Posted on July 19, 2017
Does anyone else set too many goals for summer vacation? I find that every summer I tell myself, “I’m going to read every new book, play all of the video games I haven’t gotten around to, catch up with old friends, AND plan all of my units for the school year.” Now it’s mid-July, and I’ve managed to complete a total of zero of the things I wanted to do.
If you too, are an ambitious teacher who overplans for his or her summer vacation, let’s start getting SMART about our summer vacation goals. Let’s face it, summer vacation is the one time of year we get to be selfish.

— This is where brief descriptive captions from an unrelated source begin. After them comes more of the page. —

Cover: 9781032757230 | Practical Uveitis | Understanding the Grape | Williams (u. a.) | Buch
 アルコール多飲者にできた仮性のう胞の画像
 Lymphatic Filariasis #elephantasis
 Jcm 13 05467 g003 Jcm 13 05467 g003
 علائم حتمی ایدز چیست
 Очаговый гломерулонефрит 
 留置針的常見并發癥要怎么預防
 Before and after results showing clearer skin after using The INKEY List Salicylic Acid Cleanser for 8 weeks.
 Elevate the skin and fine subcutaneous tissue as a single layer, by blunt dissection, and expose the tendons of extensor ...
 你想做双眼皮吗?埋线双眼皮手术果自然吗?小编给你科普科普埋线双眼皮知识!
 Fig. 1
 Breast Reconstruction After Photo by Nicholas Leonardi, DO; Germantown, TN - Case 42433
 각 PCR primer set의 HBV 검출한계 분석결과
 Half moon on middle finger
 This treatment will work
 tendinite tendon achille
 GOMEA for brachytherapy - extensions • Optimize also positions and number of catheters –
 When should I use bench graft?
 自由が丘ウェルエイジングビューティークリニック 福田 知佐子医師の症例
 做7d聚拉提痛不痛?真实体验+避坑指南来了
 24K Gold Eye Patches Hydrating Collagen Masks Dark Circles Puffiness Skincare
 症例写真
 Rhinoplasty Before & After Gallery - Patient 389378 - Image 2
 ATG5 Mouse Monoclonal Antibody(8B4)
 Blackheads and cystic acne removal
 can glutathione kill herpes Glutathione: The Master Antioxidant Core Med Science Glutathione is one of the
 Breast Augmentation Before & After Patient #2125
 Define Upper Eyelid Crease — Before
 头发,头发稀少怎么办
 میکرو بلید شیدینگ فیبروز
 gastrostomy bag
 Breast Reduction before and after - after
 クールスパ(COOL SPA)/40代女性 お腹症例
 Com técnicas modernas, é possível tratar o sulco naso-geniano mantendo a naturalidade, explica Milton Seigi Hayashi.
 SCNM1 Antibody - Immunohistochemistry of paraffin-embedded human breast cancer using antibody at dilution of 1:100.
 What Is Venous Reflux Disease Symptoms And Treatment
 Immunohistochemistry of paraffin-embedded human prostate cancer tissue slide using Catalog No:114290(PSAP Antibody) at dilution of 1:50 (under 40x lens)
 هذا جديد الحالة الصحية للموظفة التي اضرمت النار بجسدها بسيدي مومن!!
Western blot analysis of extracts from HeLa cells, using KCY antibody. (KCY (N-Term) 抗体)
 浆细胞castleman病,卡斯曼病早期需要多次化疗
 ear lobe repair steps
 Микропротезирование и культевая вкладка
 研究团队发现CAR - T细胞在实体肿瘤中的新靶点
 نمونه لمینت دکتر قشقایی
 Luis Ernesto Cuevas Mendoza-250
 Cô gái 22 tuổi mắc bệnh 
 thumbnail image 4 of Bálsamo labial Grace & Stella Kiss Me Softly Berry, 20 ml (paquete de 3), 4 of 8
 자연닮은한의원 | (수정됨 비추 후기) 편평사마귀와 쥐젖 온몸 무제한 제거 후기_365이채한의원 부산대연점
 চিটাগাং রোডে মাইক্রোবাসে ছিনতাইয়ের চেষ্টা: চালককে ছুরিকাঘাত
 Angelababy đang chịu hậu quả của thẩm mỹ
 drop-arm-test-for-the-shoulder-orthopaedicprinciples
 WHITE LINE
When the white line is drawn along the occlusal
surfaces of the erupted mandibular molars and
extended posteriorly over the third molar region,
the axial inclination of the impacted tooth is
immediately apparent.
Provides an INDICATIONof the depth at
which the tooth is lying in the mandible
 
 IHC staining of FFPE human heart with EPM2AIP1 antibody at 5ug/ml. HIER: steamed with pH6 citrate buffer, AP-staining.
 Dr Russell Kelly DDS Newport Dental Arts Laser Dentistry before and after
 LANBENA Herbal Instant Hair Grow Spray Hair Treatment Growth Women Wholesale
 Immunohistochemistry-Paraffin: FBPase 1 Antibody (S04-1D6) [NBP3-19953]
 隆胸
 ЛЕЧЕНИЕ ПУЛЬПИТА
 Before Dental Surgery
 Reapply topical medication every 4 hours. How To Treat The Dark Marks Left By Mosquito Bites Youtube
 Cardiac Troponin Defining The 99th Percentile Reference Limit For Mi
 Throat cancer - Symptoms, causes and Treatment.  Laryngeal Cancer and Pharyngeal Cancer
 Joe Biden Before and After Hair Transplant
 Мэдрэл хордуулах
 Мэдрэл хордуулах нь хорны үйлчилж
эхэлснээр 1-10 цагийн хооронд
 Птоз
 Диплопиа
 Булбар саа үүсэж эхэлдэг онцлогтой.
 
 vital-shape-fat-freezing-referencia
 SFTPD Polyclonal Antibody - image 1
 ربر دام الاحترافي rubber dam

What the heck are SMART Goals?
S is for specific
Ask yourself what specific things you want or need to accomplish this summer. When I really think about the goals I made for myself, “reading lots of books and playing games and stuff” are far from specific. My first step in making sure my goals actually going to get done, is figuring out what specifically I want to do. For me, the goal on my list that will feed my soul, AND make me feel like I’m being a good English teacher, is to read new books. I’ve made my summer goal specific by deciding that this summer I will read a minimum of one new, young adult book. I’m only choosing one book so that I am still being specific (key word) with my goals. To go on and make my goal even more specific, I picked a book called A Monster Calls from Cult of Pedagogy’s list of YA books recommendations. This book list is AWESOME, because it provides teachers with a comprehensive list of relevant books so that we don’t have to do too much searching.
M is for measurable
How will you know you’ve accomplished your goals? My goal can be measured by my reading progress; once I finish my book I’ve met my goal. Some goals might be more difficult to measure. Take the goal, “I want to become a better writing teacher.” How do you know when you’re a better writing teacher? I would suggest setting a “sub-goal” to make it easier to measure broad or abstract goals. For example, the sub-goal for becoming a better writing teacher could be just learning one new strategy to try out this school year. If you are having trouble measuring your goal, you might need to make your summer goals more specific.
A is for attainable
Can you actually achieve your goal? For me, I’ve been blessed with the ability to read so I think I’ll be able to achieve my goal. However, I might need to pick another book to read if I can’t find A Monster Calls at my library. My goal is flexible, so it won’t be the end of the world if I end up reading another book off of that YA book list. Really think about the problems you might face in getting done what you want to do this summer. Do you have a summer vacation full of side jobs and family meet ups? Life things can sometimes affect the attainability of a goal, so be conscious of that when you’re planning for that productive summer you’ve been waiting for.
R is for relevant
Don’t spend your summer vacation doing things you think you “should” be doing. There are plenty of things that I feel like I should do (like lesson planning for the year), but those aren’t usually the things I genuinely want to do. The best piece of advice I got during student teaching is to be selfish with your summers. Lesson planning can wait until the weeks before school starts, so set goals that excite you!
T is for time-bound
When do you want to accomplish your goal? For me, I don’t feel pressure to complete my goal within the week. As long as a finish one book before the summer is over and my school year begins, I will feel accomplished.